# [RECORDED DATA]
□ □ □ □

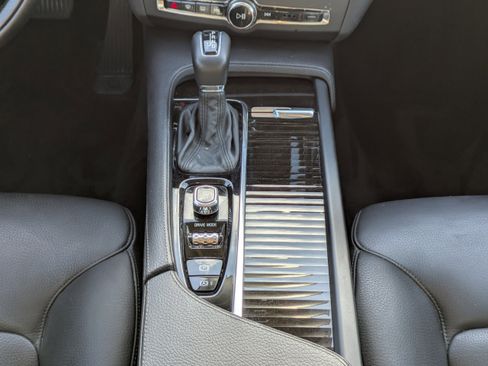 Used 2018 Volvo S90 T5 Momentum w/ Convenience Package image 16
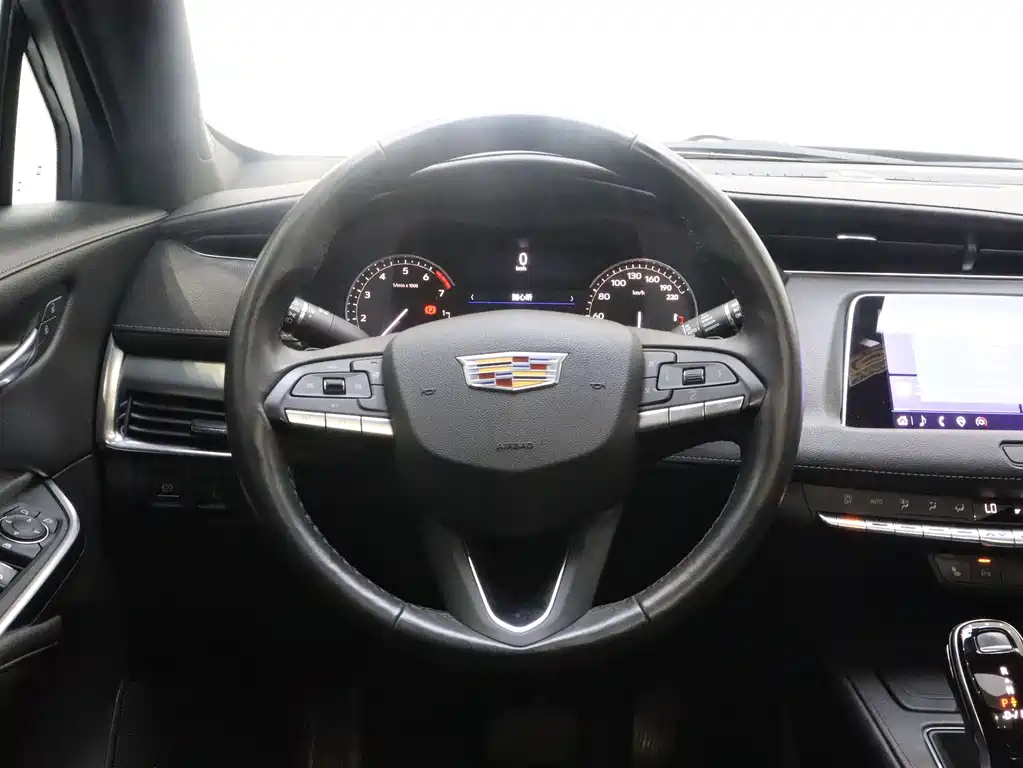 Cadillac XT4 2021 — фото 14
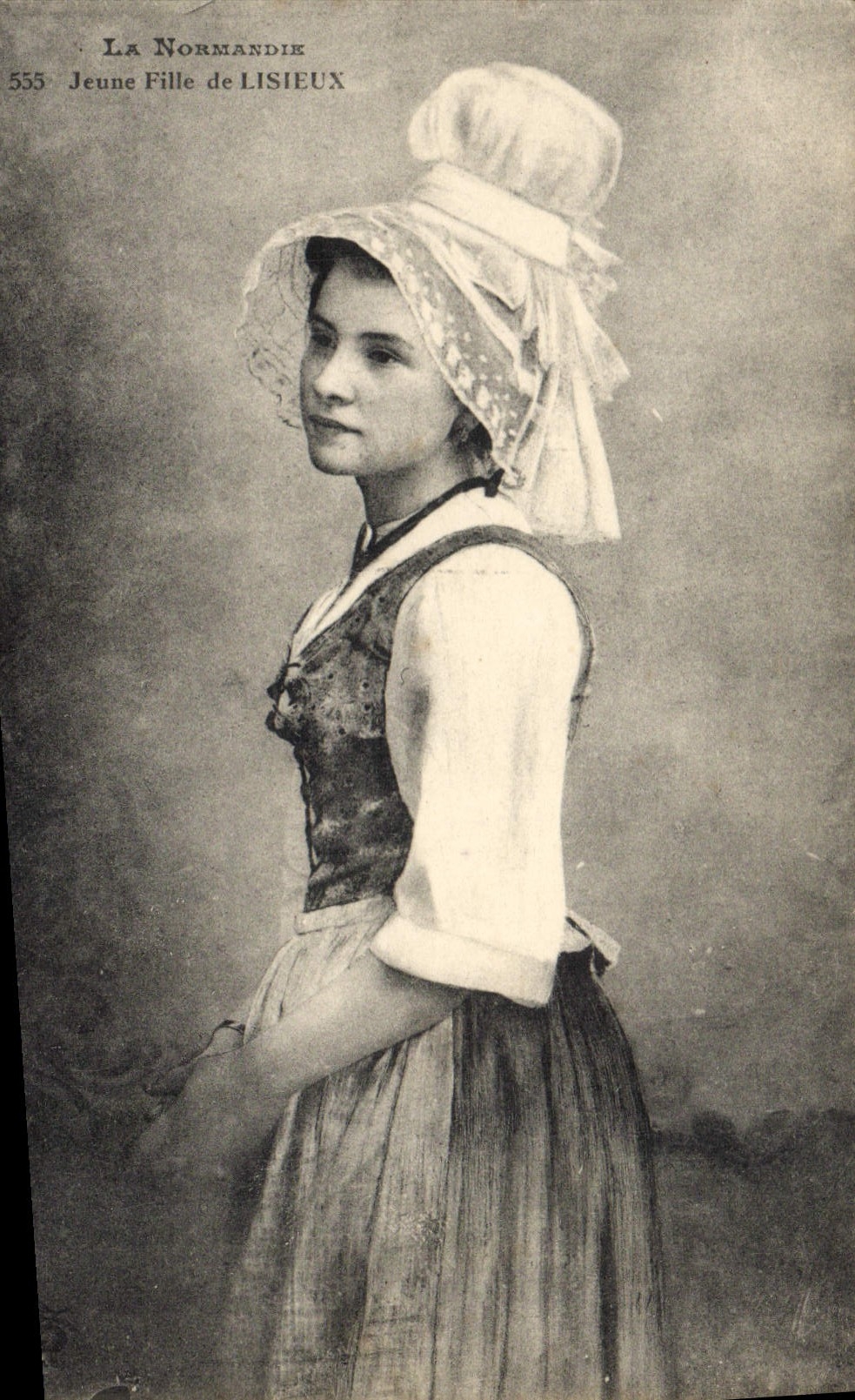 CPA Folklore Jeune fille de Lisieux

□ □ □ □

# [WHAT YOU WILL DO]
Everything in the material above must be repeated exactly, apart from its pictures.

# [ANSWER SECTION]
 Used 2018 Volvo S90 T5 Momentum w/ Convenience Package image 16
 Cadillac XT4 2021 — фото 14
 CPA Folklore Jeune fille de Lisieux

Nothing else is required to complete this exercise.